TASK DIRECTIONS:
The records underneath are to be printed in full and exactly, with no pictures carried over.

MATERIAL FOR THIS EXERCISE:

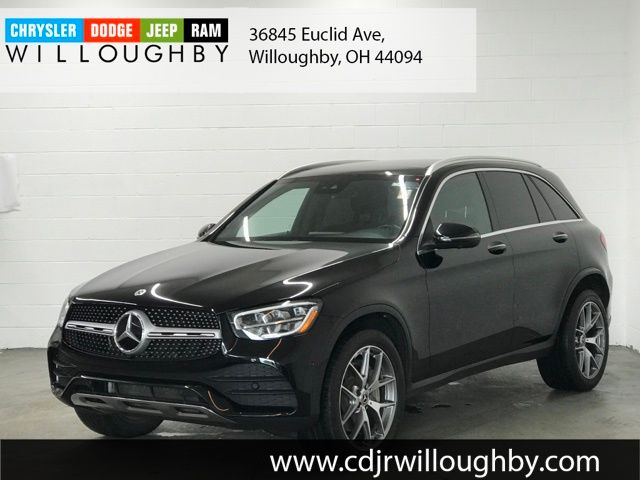 2022 Mercedes-Benz GLC for sale in Cleveland, Ohio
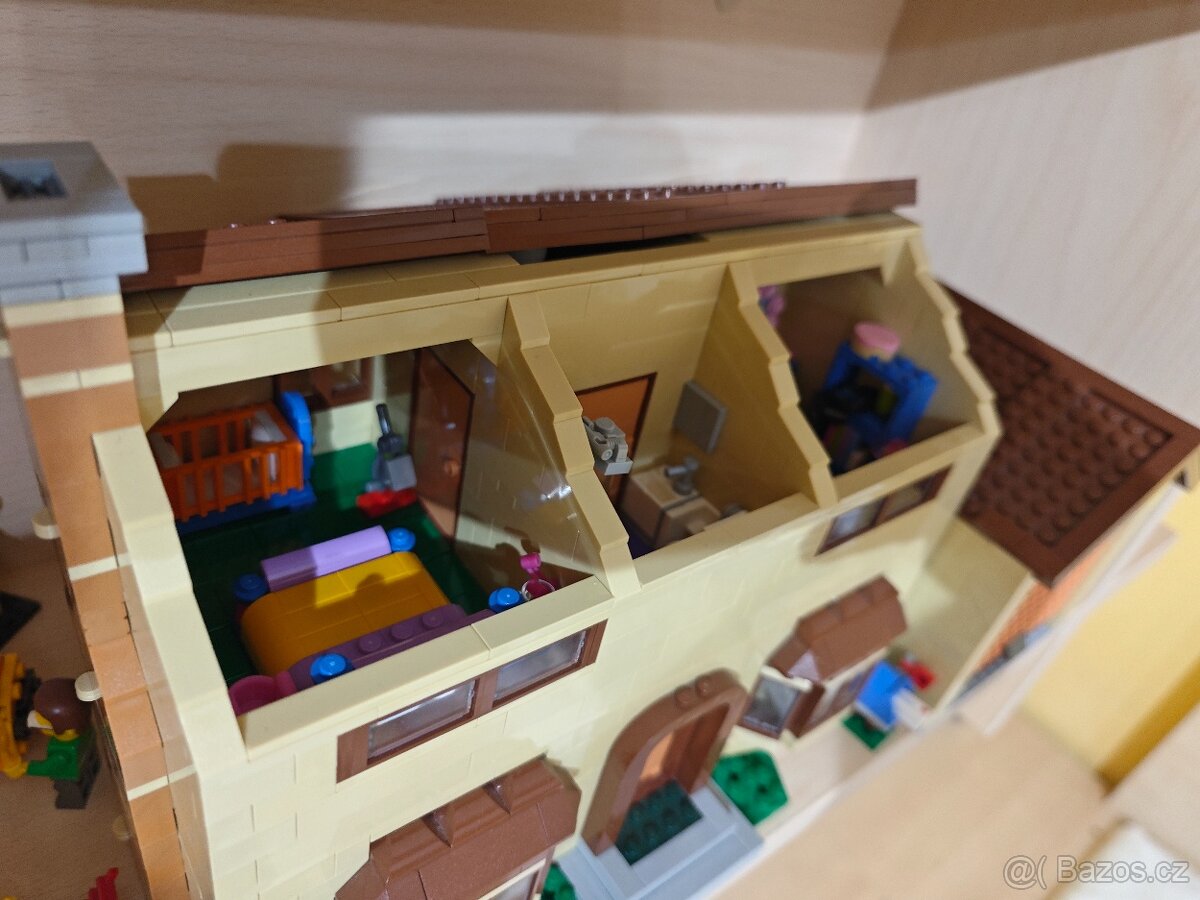 Lego 71006 - Simpsonovi - 4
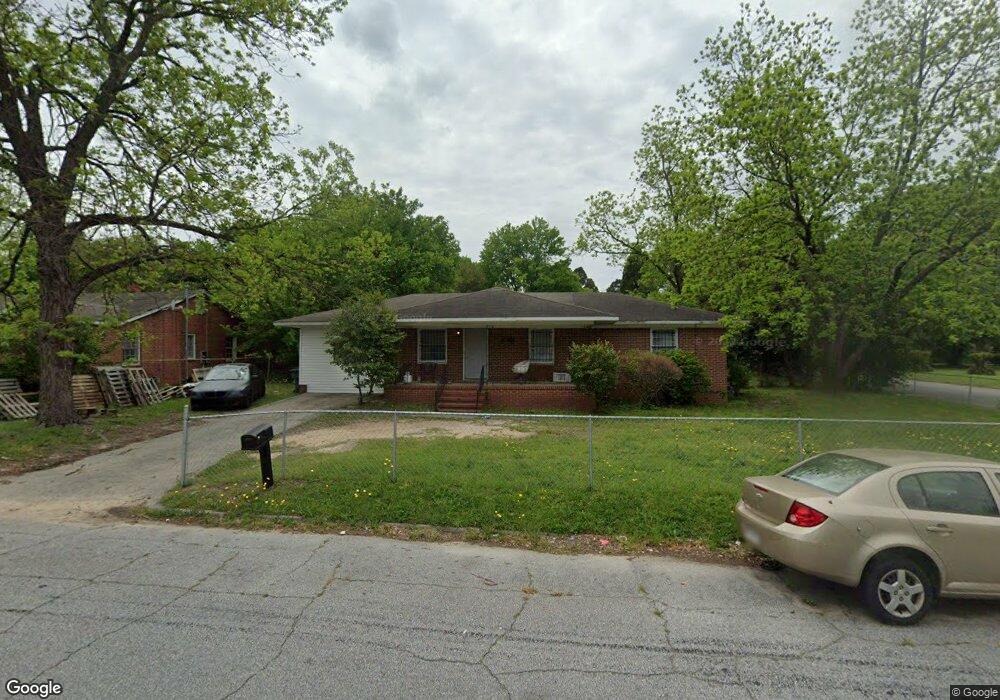 598 Robert Henry St, Macon, GA 31206 - photo 1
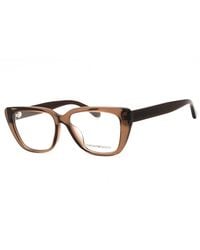 Emporio Armani - Emporio Armani 0Ea3256U Cat Eye Eyeglasses - Lyst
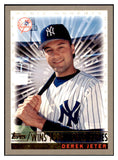 2000 Topps #478 Derek Jeter Yankees 513161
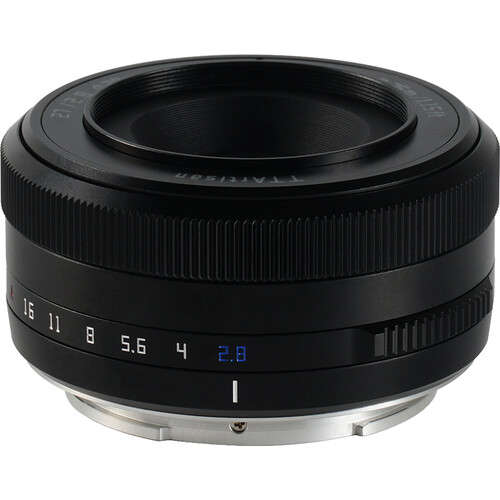 TTArtisan 27mm f/2.8 Lens (Sony E Mount)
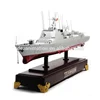 Top quality toy boat model ship kits 1/100 scale ship model trade show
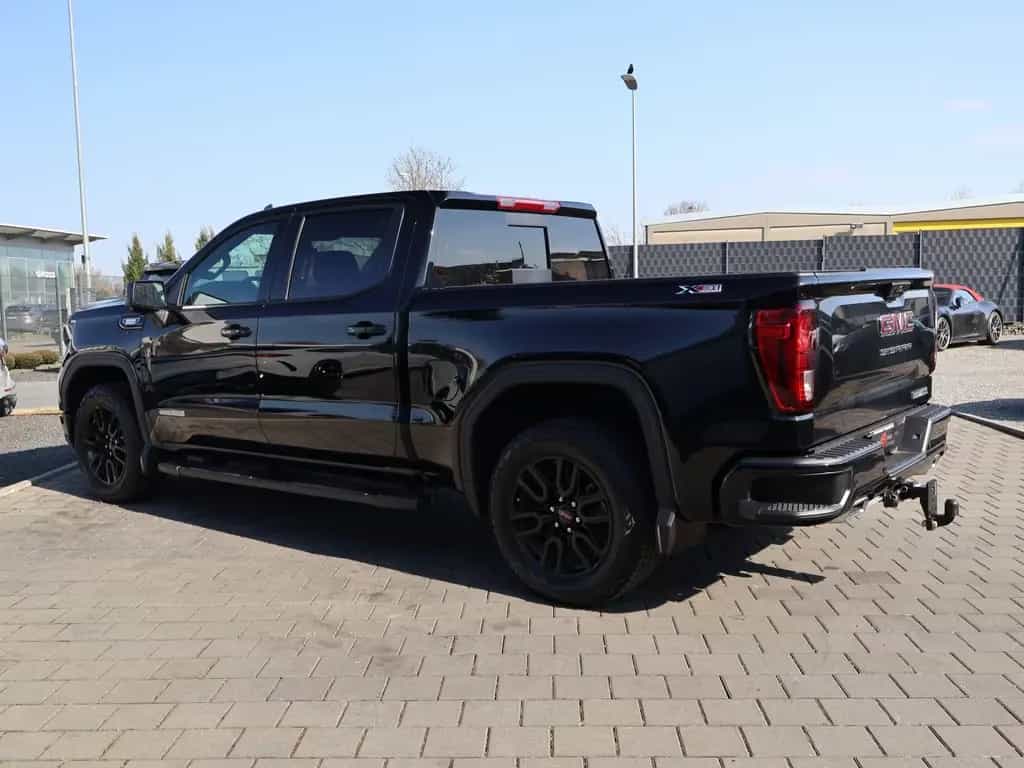 GMC Sierra 3.0d V6 CrewCab ELEVATION AHK-SHD 03/2026-photo-5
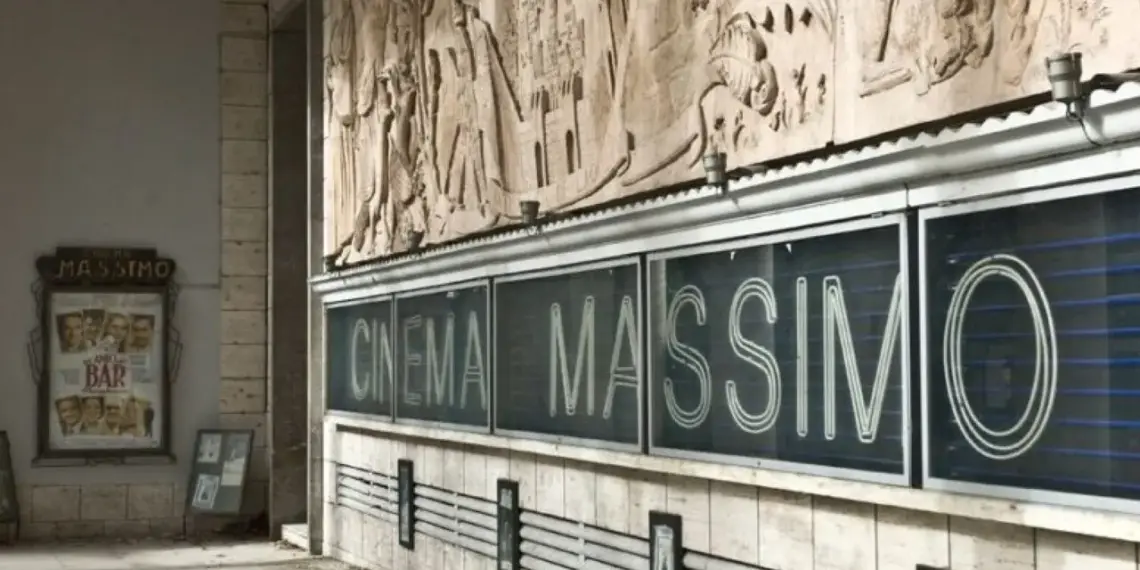 Aggiudicato il nuovo appalto per il recupero del Cinema Massimo all'Aquila - Notizie 1 38f61a23baa7d10e70404daaeb217706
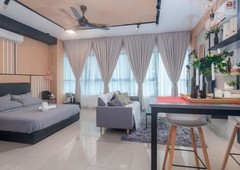 RM 260K Invest?Free 18 Months Subsidy?Near University + Mall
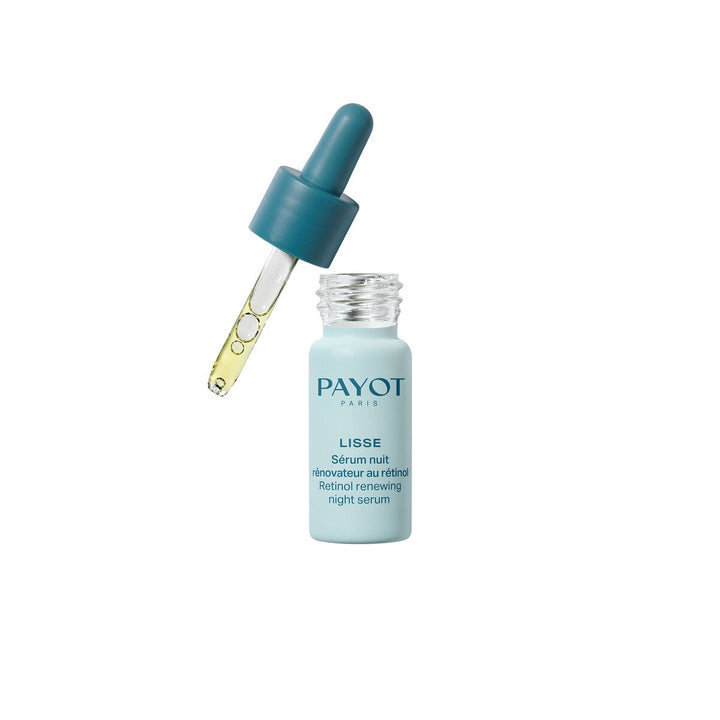 Night-time Anti-ageing Serum Payot Lisse-0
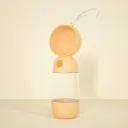 Orange Drinking Set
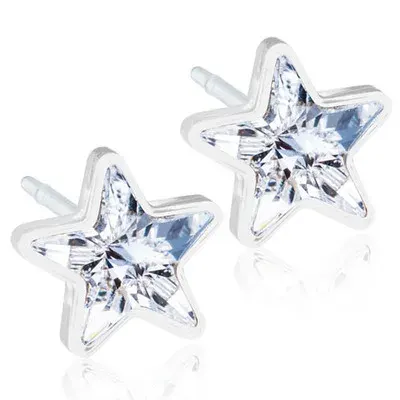 Blomdahl Örhängen Star Crystal 6 mm från Blomdahl – köp hos Apotek Hjärtat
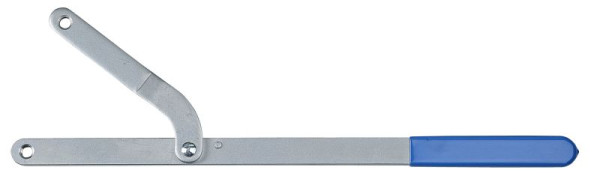 SW stalen nokkenas-tegenhouder, uit de set 10577L, 10577L-1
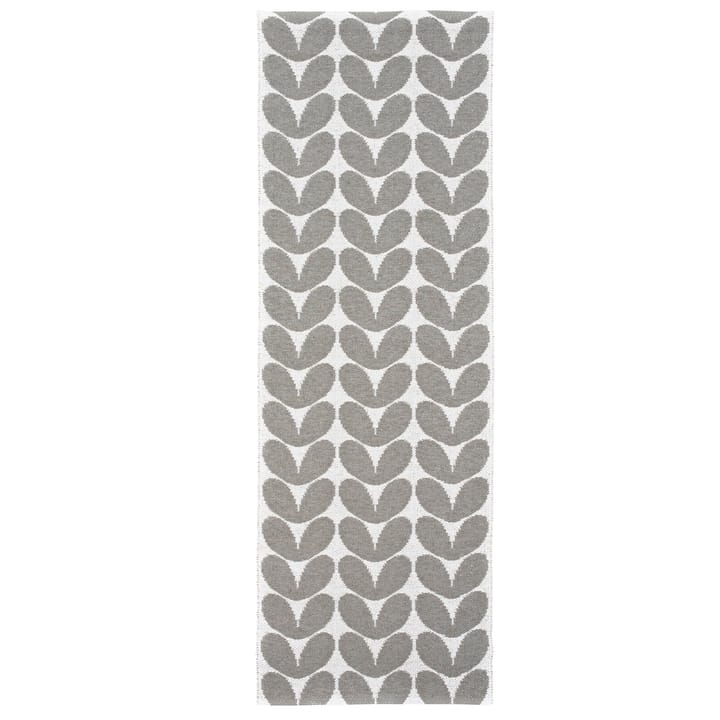 Karin matta concrete (grå) - 70 x 250 cm - Brita Sweden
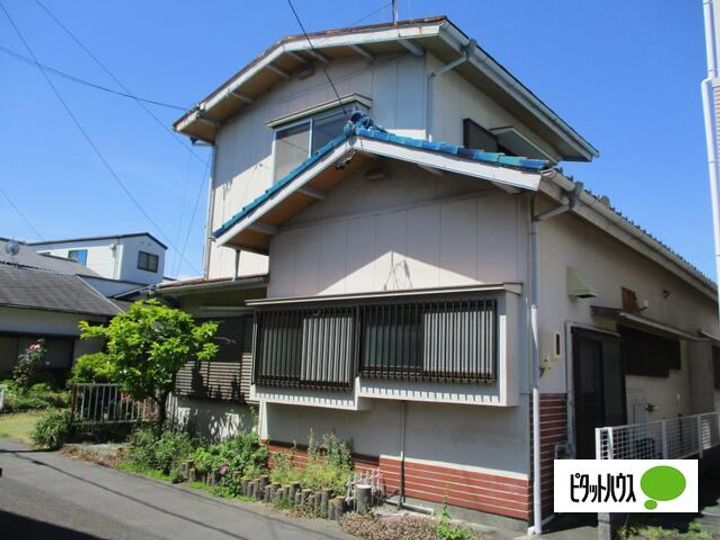 静岡県島田市南1(一戸建)の賃貸物件の外観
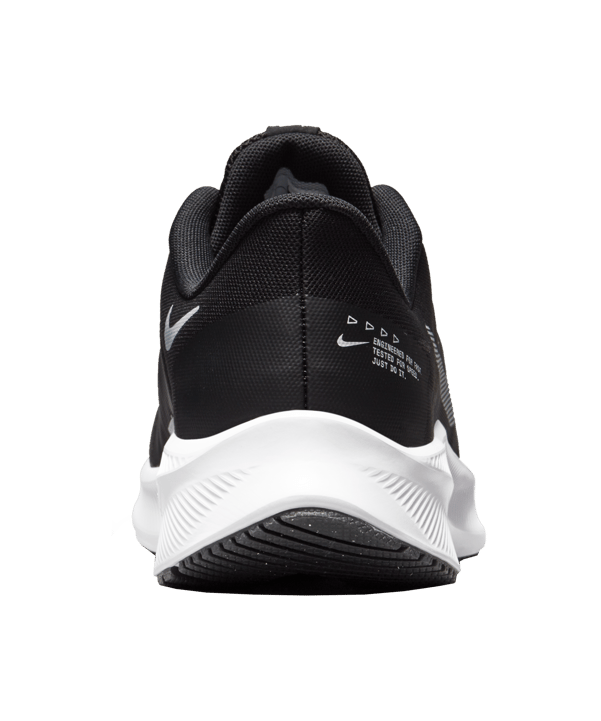 Nike Quest 4 Running Damen Schwarz Grau F006 - schwarz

WRITTEN RESPONSE:
 2022 Mercedes-Benz GLC for sale in Cleveland, Ohio
 Lego 71006 - Simpsonovi - 4
 598 Robert Henry St, Macon, GA 31206 - photo 1
 Emporio Armani - Emporio Armani 0Ea3256U Cat Eye Eyeglasses - Lyst
 2000 Topps #478 Derek Jeter Yankees 513161
 TTArtisan 27mm f/2.8 Lens (Sony E Mount)
 Top quality toy boat model ship kits 1/100 scale ship model trade show
 GMC Sierra 3.0d V6 CrewCab ELEVATION AHK-SHD 03/2026-photo-5
 Aggiudicato il nuovo appalto per il recupero del Cinema Massimo all'Aquila - Notizie 1 38f61a23baa7d10e70404daaeb217706
 RM 260K Invest?Free 18 Months Subsidy?Near University + Mall
 Night-time Anti-ageing Serum Payot Lisse-0
 Orange Drinking Set
 Blomdahl Örhängen Star Crystal 6 mm från Blomdahl – köp hos Apotek Hjärtat
 SW stalen nokkenas-tegenhouder, uit de set 10577L, 10577L-1
 Karin matta concrete (grå) - 70 x 250 cm - Brita Sweden
 静岡県島田市南1(一戸建)の賃貸物件の外観
 Nike Quest 4 Running Damen Schwarz Grau F006 - schwarz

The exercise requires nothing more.